Machine learning has emerged as a key component of big data analytics space. The goal of WSO2 Machine Learner is to make machine learning accessible to WSO2 Data Analytics Platform. WSO2 Machine Learner provides a user friendly wizard like interface, which guides users through a set of steps to find and configure machine learning algorithms. The outcome of this process is a model that can be deployed in multiple WSO2 products, such as WSO2 Enterprise Service Bus (ESB), WSO2 Complex Event Processor (CEP) etc.
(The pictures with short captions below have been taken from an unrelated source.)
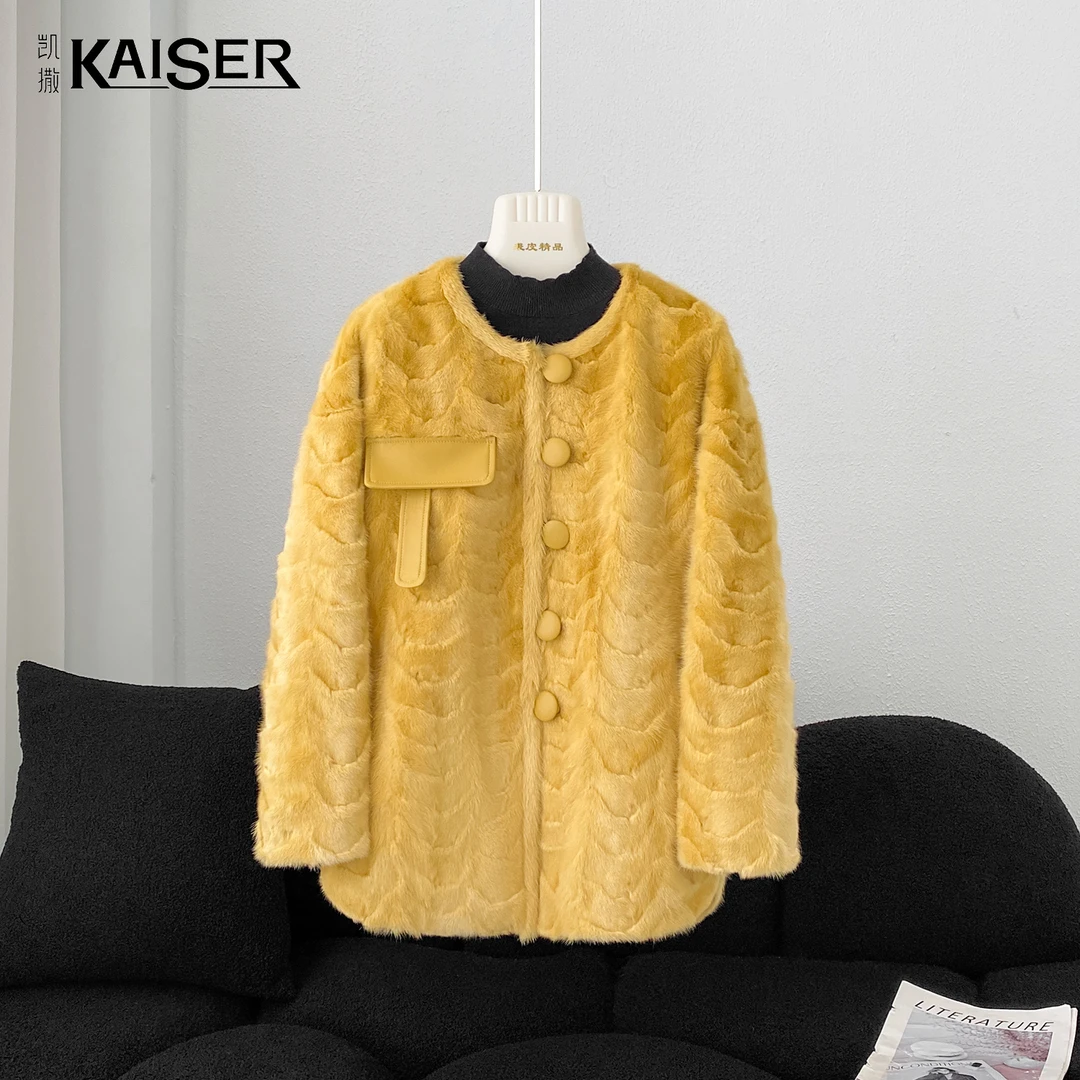 KAISER/凯撒4M3047初秋新款休闲风纯色简约保暖绵羊皮水貂外套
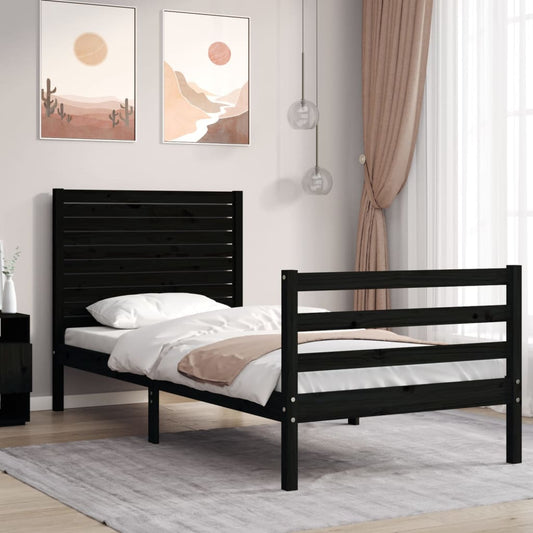 Berkfield Bed Frame with Headboard Black Single Solid Wood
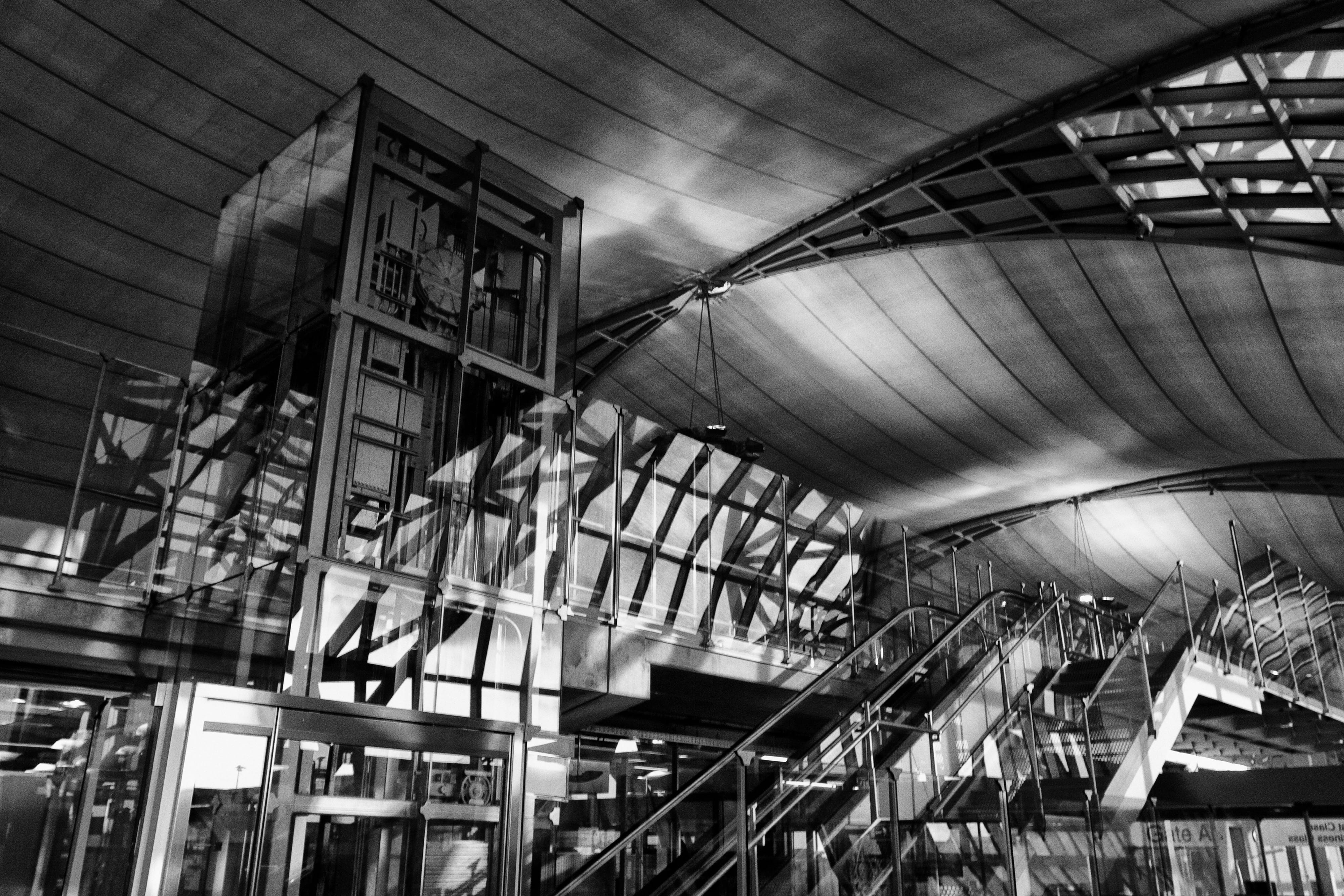 no people, pipe - tube, railroad station, indoors, the stunning, railing, ceiling, 4K, Thailand, staircase, travel, low angle view, captured, bangkok, HD Wallpaper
The novice-friendly machine learning workflow allows developers, data scientists to quickly implement machine learning solutions. You can utilize WSO2 Machine Learner to build machine learning models for various tasks, such as fraud detection, anomaly detection, classification etc. WSO2 Machine Learner is built up on top of the award-winning, WSO2 Carbon platform, which is based on the OSGi framework enabling better modularity for your service oriented architecture (SOA). WSO2 Machine Learner exposes all its operations via a RESTful API.
WSO2 Machine Learner is released under Apache Software License Version 2.0, one of the most business-friendly licenses available today.
Key Concepts of WSO2 ML
Following are the key concepts and terminology of WSO2 Machine Learner as illustrated in the image below.
A Dataset is a collection of data organized according to a defined schema in an CSV or TSV format. Header row should be available in the first row and if it is not available, WSO2 Machine Learner will generate a header similar to V1, V2 ... VX. Datasets are uploaded from a file system, a Hadoop distributed file system (HDFS) or WSO2 Data Analytics Server (DAS).
A dataset version is always inherited from a dataset. You can maintain the new data as versions under a dataset. All the dataset versions of a given dataset have the same schema (i.e. a feature set).
Project is a logical grouping of machine learning analyses, which are performed on a dataset. To analyze multiple datasets, you need to create multiple projects. A project is bound to a dataset not to a dataset version.
Analysis is a logical grouping of a set of machine learning tasks, which holds a pre-processed feature set, a selected machine learning algorithm and its calibrated set of hyper-parameters. A ML project contains one or more ML analyses which are immutable.
Model is an entity that is generated by running a ML analysis on a selected version of a dataset.